Trattenne un'imprecazione.

Era entrato in classe da neanche cinque minuti, porca troia. Non avevano pietà. Massimo il fighetto era seduto sul banco, le mani intrecciate tra le gambe e i gomiti sulle ginocchia, a sorridergli con aria malandrina, una felpa dell'Adidas a stringere le spalle larghe.

Michele lasciò scivolare lo zaino sul banco e storse la bocca.

«Ho un appuntamento improrogabile con Sasha Grey» rispose. Rebecca, Rebby per gli amici, rise, spostandosi una ciocca dietro l'orecchio. Gesù, quella voleva scoparlo e neanche cercava di nascondere la cosa. Dio, aiutami.

«Dai è sabato, devi uscire con noi» insistette il biondo «Ti faccio conoscere un sacco di figa».

«Mamma che finezza» Rebecca gli diede una manata sul braccio e Massimo si ritirò con un ahia che fece immediatamente crollare la sua aria da sciupafemmine tanto costruita bene. Simone il truzzo se ne stava seduto sulle sue, occhi puntati sull'iPhone coperti da quella frangia castana. Servivano più persone come lui, al mondo.

Michele socchiuse le labbra, in cerca di una palla per scampare a una serata che certamente non voleva vivere nel corso della sua esistenza tanto effimera.

«Ci vediamo alle nove in piazza, confermato» saltò giù Massimo, per poi avvicinarsi «Dammi il numero e ti metto nel nostro gruppo».

Estrasse il cellulare dalla tasca e Michele imprecò mentalmente. I gruppi WhatsApp no, per favore. Mai roba più demoniaca e scassapalle era stata creata dal genere umano. Il biondo lo fissava con insistenza, un sopracciglio alzato, e alla fine Michele gli dettò il numero con un sospiro. Aveva appena firmato la sua condanna. Vabbè, faccio silenzia per un anno e addio.

«Seduti!» esclamò una nuova voce, accompagnata da passi veloci.

Michele si lanciò sulla sedia, mentre i suoi nuovi compagni di classe correvano subito ai ripari con un silenzio innaturale immediatamente calato, come non lo aveva ancora sentito lì dentro.

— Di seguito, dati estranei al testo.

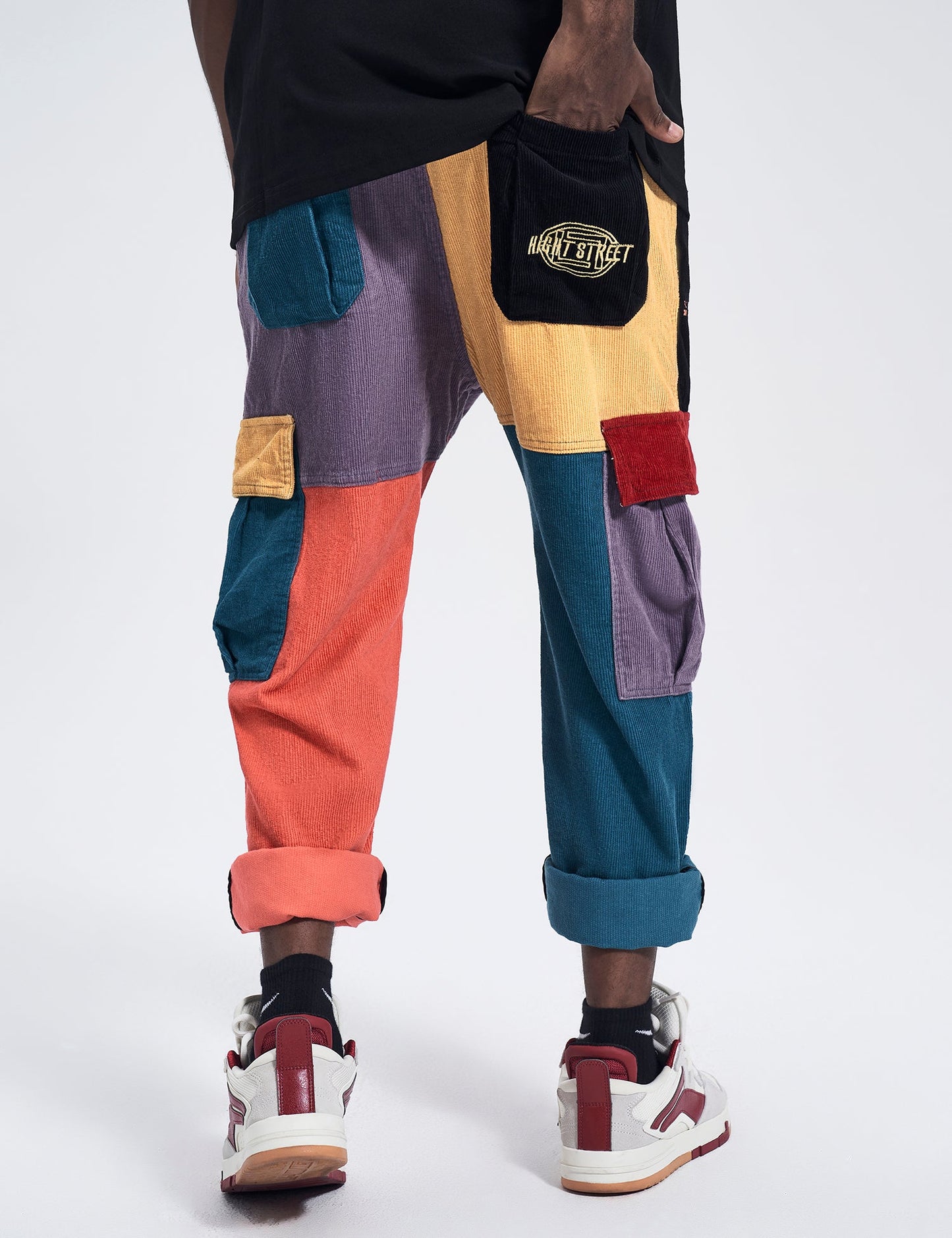 Pantalon cargo patchwork urbain NP2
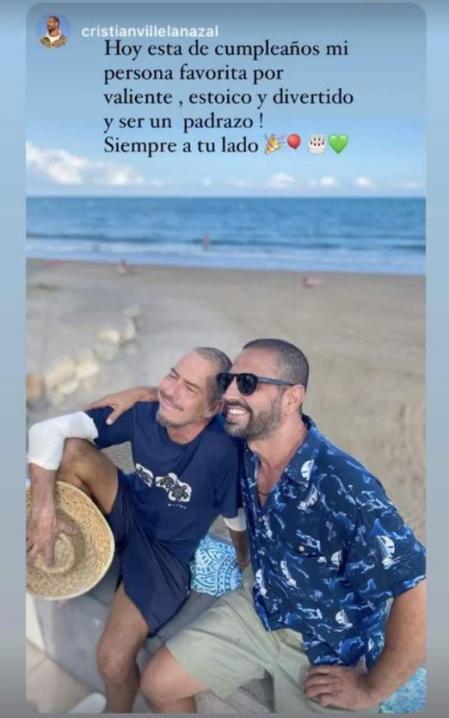 Cristian le ha dedicado un bonito mensaje a Nacho el día de su cumpleaños.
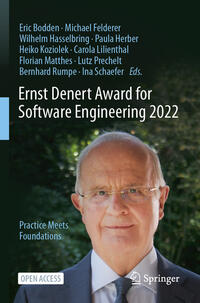 Vorderes Coverbild Ernst Denert Award for Software Engineering 2022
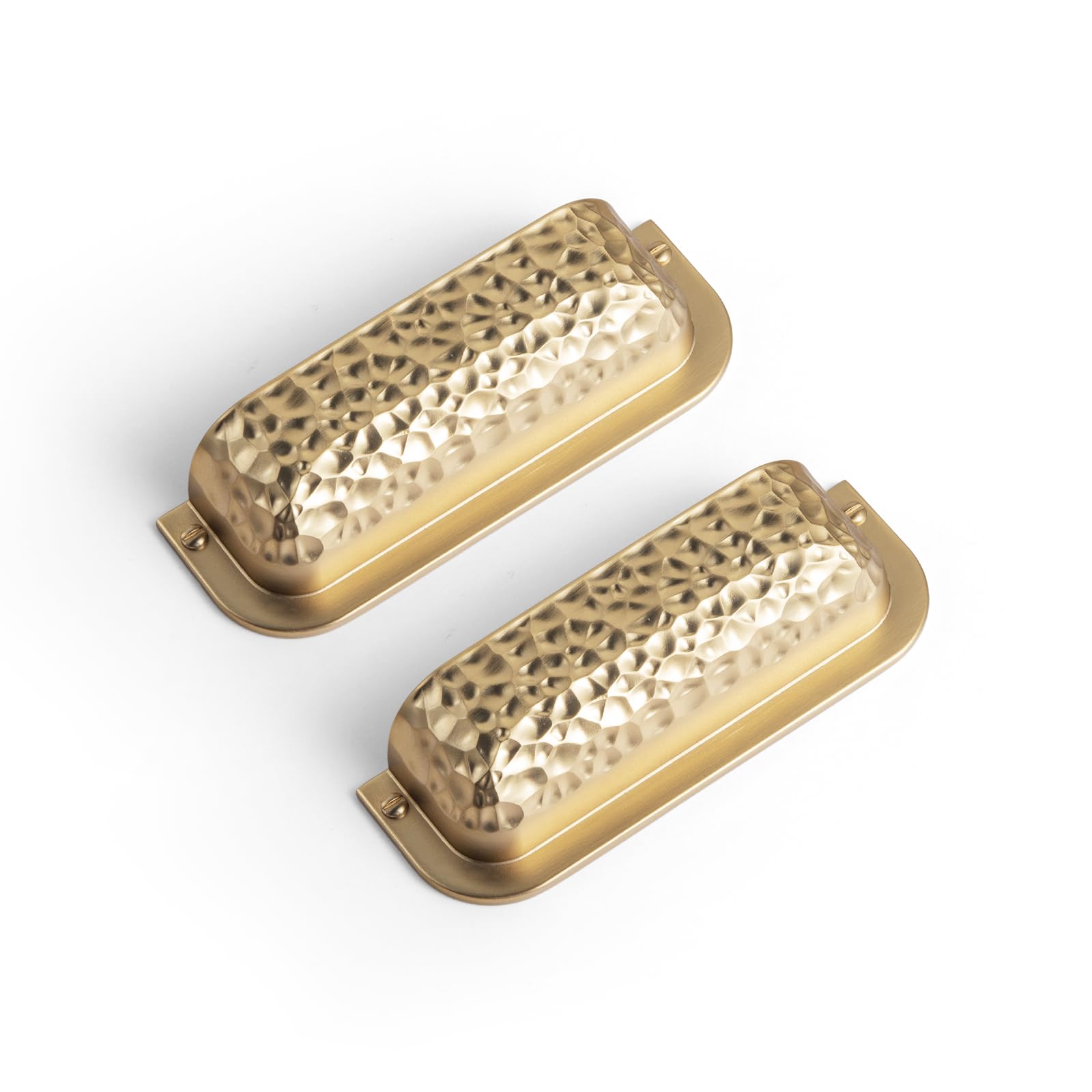 Manijas de barra de aleación de zinc Goo-Ki texturizadas en bronce champán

E questo gli fece capire che quella doveva essere la prof stronza della situazione.

Non era vecchia come il tirannosauro di Italiano, ma neanche giovane come il modello di Scienze. Minuta, con una voce squillante e modi bruschi e rapidi mentre posava la borsa e subito apriva computer e tutto, senza neanche un buongiorno di cortesia.

Questa ha la faccia di una che te lo mette in culo con un'interrogazione a sorpresa e ti fa valere il 2 nella media finale.

Sperò solo non insegnasse Latino e Greco, se no era fottuto, e non nel senso che lui sperava.

«E tu?» la prof alzò un sopracciglio sottile nella sua direzione. Michele tirò su col naso, trafitto da quello sguardo intenzionato a sviscerarlo dall'interno, e si lasciò scivolare lungo la sedia.